„Polska Dziennik Bałtycki“, 21.01.2008, s. 3
Beata Jajkowska
Za krzywdzący Bractwo św. Piusa X i wiernych uczestniczących we mszach w kaplicy w Gdyni Karwinach uznał ks. Karl Stehlin list metropolity gdańskiego abp. Tadeusza Gocłowskiego. Arcybiskup napisał m.in., że bractwo ma charakter schizmatycki, jego działalność pozostaje poza Kościołem, a w ich liturgii nie wolno uczestniczyć pod sankcją karną. List arcybiskupa odczytano 13 stycznia w kościołach archidiecezji gdańskiej. Bractwo św. Piusa X zareagowało w sobotę, organizując w Gdyni konferencję. Przyjechał, zaopatrzony w stos dokumentów, ks. Karl Stehlin, przeor na Europę Wschodnią. – Przykro to mówić, ale abp. Gocłowski głosi swoje teorie wbrew Stolicy Apostolskiej – mówił ks. Stehlin. – Nie jest prawdą, że nie można uczestniczyć w naszych mszach. W komunikacie Papieskiej Komisji Ecclesia Dei z 18 stycznia 2003 r. czytamy: “można wypełnić niedzielny obowiązek, uczestnicząc we mszy odprawianej przez kapłana Bractwa św. Piusa X”. Nie jesteśmy schizmatycką grupą, która burzy jedność Kościoła. Kardynał Dario Castrillon Hoyos, przewodniczący Ecclesia Dei, kilkakrotnie podkreślał, że Bractwo św. Piusa X nie jest schizmatyckie, nie jest ani sektą, ani związkiem wyznaniowym, ani też innym Kościołem.
– Bractwo nie jest w jedności z Kościołem i dopóki w niej nie będzie, ja nie będę go akceptował – odpowiada abp. Tadeusz Gocłowski. – Być w jedności to znaczy zaakceptować w pełni Ojca Świętego oraz wszystkie postanowienia II Soboru Watykańskiego. Jeśli ich przedstawiciel spotka się z papieżem i to zadeklaruje, sam pojadę otworzyć przeorat i odprawię pierwszą mszę.

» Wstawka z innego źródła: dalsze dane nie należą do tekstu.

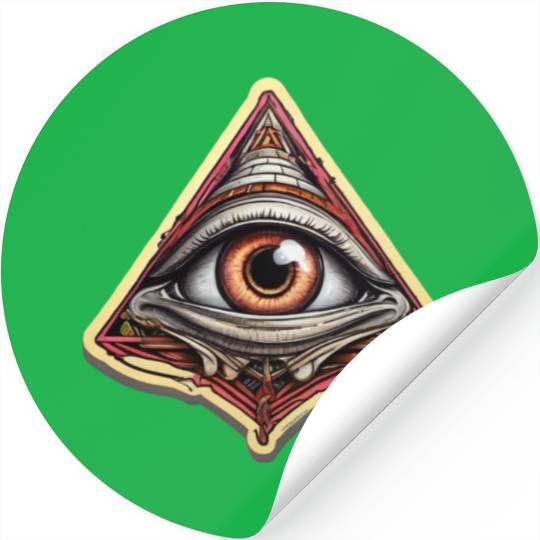 Illuminati one eye symbol of freedom world society Stickers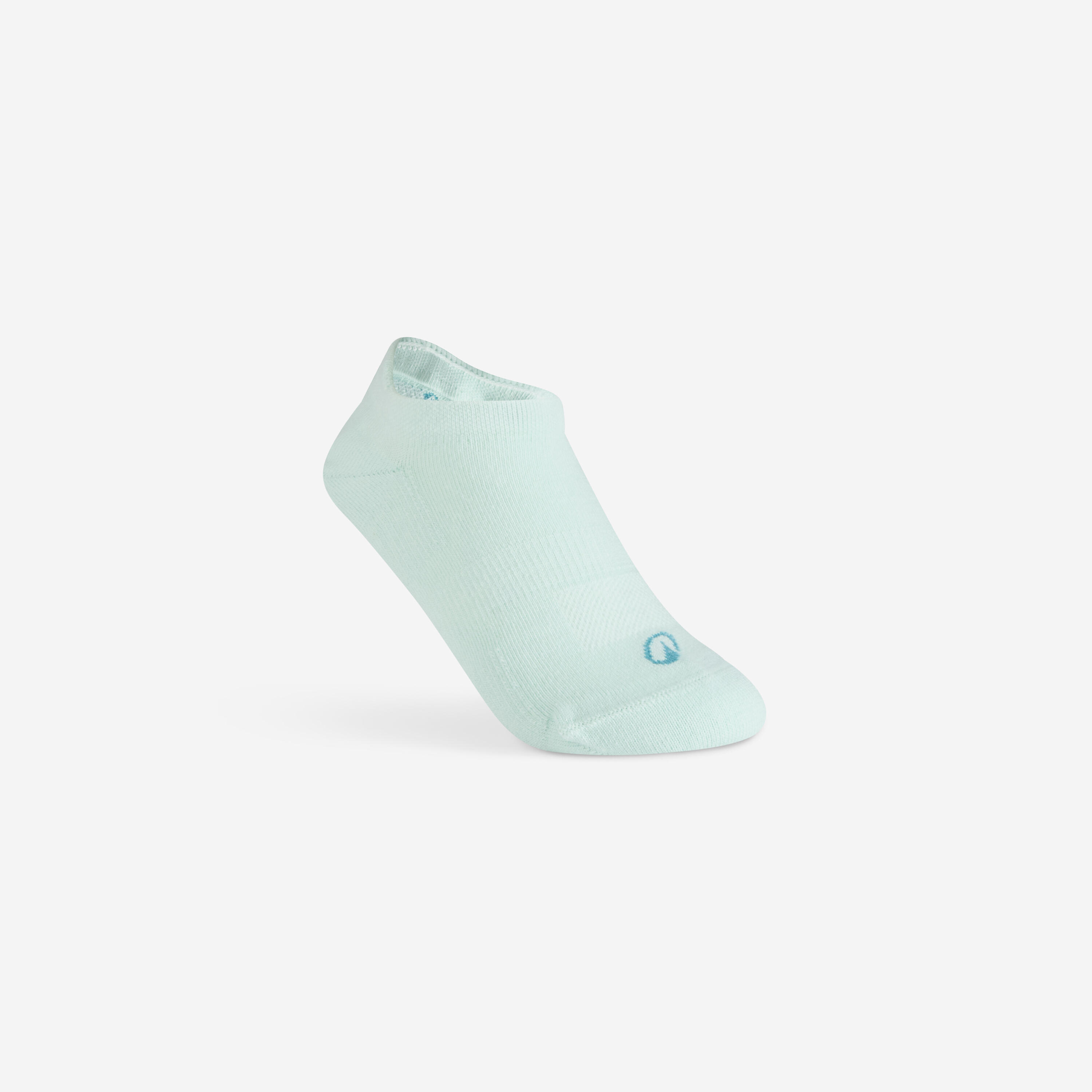 Calcetines cortos de deporte niño lote de 3 pares, RS 160 JR verde 7/8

Bractwo św. Piusa, zwane lefebrystami, otworzyło kaplicę w Gdyni w listopadzie ub.r. Na razie dojeżdżający z Warszawy ksiądz odprawia tam msze św. w tzw. rycie trydenckim, czyli takim, w jakim odprawiono je w Polsce przed II Soborem Watykańskim. Odbywają się po łacinie, kapłan stoi tyłem do wiernych. W Polsce bractwo ma 10 kaplic i przeorat. Na świecie działa w 62 krajach i utrzymuje się z darowizn. – Nie podbieramy wiernych parafiom – mówi ks. Stehlin. – Jesteśmy spadkobiercami Kościoła katolickiego, tyle że wierni tradycji i nauce Chrystusa, a nie postanowieniom soboru. Jest nam przykro, że w Tygodniu Jedności Chrześcijan abp Gocłowski rozmawia z prawosławnymi, protestantami czy Żydami, którzy są poza Kościołem, a nas nie zaprosi do dialogu.